Question

If \[\cos 9\alpha = \sin \alpha \] and $9\alpha < 90^\circ $, then the value of $\tan 5\alpha $ is?
A) $\dfrac{1}{{\sqrt 3 }}$
B) $\sqrt 3 $
C) $1$
D) $0$

Answer 1

Hint: We have given any equation involving sine and cosine functions. We can convert the $\sin \alpha $ by replacing it with $\cos (90^\circ - \alpha )$. Then we get an equation involving cosine only. Simplifying this we get the value of $\alpha $. Knowing the value of $\alpha $, we can find $5\alpha $ and thus $\tan 5\alpha $.

Formula used :
For any $\alpha $ we have, $\cos (90^\circ - \alpha ) = \sin \alpha $
$\tan 45^\circ = 1$

Complete step-by-step answer:
It is given that \[\cos 9\alpha = \sin \alpha \].
We know that $\cos (90^\circ - \alpha ) = \sin \alpha $
This gives,
\[\cos 9\alpha = \cos (90^\circ - \alpha )\]
Comparing both sides we get,
$9\alpha = 90^\circ - \alpha $, since we have $9\alpha < 90^\circ $.
Adding $\alpha $ on both sides we get,
$9\alpha + \alpha = 90^\circ - \alpha + \alpha $
Simplifying we get,
$10\alpha = 90^\circ $
Dividing both sides by $10$ we get,
$\alpha = \dfrac{{90^\circ }}{{10}} = 9^\circ $
We need to find $\tan 5\alpha $.
We have, $\alpha = 9^\circ $
Multiplying both sides by $5$ we get,
$5\alpha = 5 \times 9^\circ = 45^\circ $
This gives,
$\tan 5\alpha = \tan 45^\circ $
We know that $\tan 45^\circ = 1$.
Substituting this, we have,
$\tan 5\alpha = 1$
$\therefore $ The answer is option C.

Note: We can do the problem in another way as well.

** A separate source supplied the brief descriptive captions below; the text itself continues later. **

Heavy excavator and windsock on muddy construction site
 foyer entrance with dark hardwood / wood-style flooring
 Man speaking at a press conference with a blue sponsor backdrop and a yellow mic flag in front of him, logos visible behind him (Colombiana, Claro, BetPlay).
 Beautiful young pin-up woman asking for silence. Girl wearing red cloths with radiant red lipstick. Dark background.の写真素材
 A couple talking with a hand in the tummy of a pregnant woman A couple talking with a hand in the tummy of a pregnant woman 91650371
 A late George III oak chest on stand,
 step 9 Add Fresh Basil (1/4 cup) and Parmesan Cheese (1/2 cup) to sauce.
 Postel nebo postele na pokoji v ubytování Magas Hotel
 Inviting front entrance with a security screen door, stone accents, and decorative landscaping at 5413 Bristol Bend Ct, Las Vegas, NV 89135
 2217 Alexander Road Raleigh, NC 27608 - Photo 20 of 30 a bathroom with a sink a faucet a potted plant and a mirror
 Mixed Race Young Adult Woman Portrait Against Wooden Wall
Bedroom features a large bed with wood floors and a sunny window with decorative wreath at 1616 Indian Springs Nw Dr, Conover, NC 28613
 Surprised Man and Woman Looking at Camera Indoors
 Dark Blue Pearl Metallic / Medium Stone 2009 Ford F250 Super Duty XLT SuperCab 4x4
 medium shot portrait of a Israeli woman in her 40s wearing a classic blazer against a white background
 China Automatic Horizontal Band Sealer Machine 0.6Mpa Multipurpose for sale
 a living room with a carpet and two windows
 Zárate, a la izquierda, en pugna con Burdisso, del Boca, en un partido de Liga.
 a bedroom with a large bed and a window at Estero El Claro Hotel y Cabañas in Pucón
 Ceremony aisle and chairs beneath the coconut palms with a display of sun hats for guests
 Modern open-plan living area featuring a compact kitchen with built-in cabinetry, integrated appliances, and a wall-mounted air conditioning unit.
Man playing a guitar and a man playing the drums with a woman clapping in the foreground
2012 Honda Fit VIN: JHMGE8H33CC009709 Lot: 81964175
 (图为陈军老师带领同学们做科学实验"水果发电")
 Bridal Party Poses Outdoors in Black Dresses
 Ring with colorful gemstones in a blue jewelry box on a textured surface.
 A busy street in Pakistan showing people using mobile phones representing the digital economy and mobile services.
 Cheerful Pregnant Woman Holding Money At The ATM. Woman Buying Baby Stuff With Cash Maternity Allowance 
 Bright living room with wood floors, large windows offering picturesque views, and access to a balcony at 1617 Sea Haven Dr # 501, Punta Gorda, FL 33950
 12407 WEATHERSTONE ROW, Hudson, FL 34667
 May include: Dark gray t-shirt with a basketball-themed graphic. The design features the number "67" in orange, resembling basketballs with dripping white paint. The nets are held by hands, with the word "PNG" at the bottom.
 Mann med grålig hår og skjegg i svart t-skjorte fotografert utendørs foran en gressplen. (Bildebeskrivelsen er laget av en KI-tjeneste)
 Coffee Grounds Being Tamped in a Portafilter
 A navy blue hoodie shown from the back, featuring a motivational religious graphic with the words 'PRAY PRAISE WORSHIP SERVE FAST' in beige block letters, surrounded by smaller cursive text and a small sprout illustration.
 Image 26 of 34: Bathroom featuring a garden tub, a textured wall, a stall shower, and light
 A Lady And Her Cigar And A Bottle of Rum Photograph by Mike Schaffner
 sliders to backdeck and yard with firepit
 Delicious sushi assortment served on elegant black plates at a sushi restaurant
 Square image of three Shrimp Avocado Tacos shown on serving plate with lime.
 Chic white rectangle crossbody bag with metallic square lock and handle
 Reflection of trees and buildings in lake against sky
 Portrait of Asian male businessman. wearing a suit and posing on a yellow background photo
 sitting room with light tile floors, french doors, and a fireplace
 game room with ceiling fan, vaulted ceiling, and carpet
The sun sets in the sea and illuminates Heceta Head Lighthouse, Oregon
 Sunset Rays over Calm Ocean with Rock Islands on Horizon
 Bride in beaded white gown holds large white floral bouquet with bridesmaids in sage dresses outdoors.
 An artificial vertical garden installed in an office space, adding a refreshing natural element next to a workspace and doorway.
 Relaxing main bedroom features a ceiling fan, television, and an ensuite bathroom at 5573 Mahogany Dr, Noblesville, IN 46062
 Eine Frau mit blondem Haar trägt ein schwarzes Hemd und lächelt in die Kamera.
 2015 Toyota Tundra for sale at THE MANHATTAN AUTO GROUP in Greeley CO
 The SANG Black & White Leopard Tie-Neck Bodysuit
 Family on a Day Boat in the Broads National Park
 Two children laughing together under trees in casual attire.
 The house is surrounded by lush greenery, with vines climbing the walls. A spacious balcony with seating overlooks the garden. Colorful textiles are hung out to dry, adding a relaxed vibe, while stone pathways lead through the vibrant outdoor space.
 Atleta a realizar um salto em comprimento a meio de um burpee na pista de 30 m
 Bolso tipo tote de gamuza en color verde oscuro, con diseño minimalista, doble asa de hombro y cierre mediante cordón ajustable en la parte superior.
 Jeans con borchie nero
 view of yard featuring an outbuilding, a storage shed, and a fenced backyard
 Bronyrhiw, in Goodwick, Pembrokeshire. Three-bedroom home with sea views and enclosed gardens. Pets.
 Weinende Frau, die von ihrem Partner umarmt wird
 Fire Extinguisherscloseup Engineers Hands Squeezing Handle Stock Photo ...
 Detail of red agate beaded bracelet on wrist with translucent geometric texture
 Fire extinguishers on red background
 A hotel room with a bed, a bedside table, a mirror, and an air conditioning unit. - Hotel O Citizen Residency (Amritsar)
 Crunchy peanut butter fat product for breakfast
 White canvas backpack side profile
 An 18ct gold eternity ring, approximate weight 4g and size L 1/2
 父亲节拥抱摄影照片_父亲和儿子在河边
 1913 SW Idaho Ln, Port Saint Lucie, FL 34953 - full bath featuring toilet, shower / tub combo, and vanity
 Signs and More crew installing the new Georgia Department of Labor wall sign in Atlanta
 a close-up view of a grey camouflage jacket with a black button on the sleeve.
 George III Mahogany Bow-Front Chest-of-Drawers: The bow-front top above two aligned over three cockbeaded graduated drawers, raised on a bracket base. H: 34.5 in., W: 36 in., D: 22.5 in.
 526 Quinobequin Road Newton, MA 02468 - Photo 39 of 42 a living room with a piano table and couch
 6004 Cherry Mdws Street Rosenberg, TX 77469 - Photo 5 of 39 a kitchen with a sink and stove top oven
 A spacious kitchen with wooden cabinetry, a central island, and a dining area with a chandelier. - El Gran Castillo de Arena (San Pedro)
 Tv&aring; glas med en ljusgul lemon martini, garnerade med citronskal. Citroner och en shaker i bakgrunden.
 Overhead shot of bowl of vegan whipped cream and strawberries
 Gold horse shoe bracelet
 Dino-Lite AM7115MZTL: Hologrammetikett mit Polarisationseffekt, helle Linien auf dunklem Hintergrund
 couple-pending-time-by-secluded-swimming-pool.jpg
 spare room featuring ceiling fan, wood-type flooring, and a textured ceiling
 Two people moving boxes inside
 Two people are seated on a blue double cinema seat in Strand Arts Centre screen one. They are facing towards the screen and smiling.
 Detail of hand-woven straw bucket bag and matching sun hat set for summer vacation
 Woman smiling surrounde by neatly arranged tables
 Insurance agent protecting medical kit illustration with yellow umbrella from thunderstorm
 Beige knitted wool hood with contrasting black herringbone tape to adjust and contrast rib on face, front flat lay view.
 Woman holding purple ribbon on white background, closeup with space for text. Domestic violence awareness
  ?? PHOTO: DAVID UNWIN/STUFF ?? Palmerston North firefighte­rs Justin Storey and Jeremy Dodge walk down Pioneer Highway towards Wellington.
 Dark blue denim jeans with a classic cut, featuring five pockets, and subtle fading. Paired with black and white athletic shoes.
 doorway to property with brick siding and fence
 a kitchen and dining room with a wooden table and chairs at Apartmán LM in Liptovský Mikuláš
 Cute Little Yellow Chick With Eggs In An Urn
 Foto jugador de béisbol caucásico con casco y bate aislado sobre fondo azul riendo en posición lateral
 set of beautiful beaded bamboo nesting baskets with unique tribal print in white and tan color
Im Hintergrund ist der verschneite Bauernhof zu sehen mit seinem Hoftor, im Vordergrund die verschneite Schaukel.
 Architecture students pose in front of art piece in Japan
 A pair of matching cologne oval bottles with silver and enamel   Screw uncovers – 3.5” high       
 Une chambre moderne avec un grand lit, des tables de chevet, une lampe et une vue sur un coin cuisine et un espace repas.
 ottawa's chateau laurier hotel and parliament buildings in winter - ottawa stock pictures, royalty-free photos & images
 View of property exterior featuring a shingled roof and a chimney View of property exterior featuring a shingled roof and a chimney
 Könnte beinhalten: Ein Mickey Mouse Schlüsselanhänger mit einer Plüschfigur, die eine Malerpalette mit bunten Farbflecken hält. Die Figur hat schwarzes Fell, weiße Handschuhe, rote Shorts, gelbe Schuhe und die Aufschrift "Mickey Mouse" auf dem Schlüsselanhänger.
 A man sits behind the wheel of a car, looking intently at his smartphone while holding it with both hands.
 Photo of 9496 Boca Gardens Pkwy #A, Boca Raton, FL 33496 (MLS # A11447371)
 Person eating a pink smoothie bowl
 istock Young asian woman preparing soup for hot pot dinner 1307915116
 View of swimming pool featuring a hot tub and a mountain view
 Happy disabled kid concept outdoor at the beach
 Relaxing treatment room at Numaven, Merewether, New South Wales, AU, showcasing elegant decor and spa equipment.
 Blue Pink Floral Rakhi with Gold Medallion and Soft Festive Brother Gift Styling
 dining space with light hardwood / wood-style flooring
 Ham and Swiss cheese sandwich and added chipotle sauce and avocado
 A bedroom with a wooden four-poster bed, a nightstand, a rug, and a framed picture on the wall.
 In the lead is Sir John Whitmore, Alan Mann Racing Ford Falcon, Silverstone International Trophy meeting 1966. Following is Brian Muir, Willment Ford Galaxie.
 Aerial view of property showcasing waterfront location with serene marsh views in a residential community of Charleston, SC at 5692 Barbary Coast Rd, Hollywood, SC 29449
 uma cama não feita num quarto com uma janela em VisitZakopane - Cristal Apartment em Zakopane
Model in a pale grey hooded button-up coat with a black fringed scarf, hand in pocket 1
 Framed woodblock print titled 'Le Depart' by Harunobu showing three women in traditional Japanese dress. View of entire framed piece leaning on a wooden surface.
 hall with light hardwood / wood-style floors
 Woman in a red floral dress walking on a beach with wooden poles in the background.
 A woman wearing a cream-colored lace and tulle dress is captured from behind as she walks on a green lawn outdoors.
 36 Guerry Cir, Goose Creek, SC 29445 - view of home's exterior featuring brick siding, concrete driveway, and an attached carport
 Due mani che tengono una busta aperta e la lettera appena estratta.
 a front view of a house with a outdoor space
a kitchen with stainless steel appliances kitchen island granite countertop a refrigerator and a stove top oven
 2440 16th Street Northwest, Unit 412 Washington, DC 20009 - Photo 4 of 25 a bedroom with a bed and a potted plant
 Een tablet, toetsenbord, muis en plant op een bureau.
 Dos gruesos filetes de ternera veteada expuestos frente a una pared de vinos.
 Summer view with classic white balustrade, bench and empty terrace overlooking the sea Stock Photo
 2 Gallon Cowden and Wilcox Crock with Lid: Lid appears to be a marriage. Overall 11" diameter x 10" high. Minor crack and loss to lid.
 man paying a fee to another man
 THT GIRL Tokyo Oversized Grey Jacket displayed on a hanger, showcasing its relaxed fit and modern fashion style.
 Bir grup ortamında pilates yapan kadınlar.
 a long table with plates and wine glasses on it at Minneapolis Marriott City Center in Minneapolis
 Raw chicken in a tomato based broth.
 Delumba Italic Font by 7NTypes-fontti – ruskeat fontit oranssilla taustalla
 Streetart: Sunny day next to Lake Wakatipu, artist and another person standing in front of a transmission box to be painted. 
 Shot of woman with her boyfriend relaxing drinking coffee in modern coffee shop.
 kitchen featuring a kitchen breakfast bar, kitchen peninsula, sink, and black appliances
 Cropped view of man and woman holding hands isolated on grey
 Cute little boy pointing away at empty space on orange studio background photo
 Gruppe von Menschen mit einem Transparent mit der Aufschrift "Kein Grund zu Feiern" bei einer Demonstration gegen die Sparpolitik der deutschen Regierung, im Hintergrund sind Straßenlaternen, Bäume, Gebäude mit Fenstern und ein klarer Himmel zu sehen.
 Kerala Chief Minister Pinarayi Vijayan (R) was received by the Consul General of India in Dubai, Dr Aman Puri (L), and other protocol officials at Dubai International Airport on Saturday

Instead of converting the sine term to cosine term, we can convert cosine term to sine.
For that, we have $\sin (90^\circ - x) = \cos x$
Letting $x = 9\alpha $ we get,
$\sin (90^\circ - 9\alpha ) = \cos 9\alpha $
Given that $\cos 9\alpha = \sin \alpha $.
Substituting for $\cos 9\alpha $ using above result, we have
$\sin (90^\circ - 9\alpha ) = \sin \alpha $
So comparing both sides we get,
$90^\circ - 9\alpha = \alpha $
Adding $9\alpha $ on both sides we get,
$90^\circ - 9\alpha + 9\alpha = \alpha + 9\alpha $
Simplifying we get,
$90^\circ = 10\alpha $
Dividing both sides by $10$ we have,
$\alpha = 9^\circ $
Then we can proceed as above to get the answer.
Sine and cosine are periodic functions with period $360^\circ $. So, the same value can be taken for different angles. But here we have the condition $9\alpha < 90^\circ $. So we can restrict this to get a single value. Otherwise this is not possible.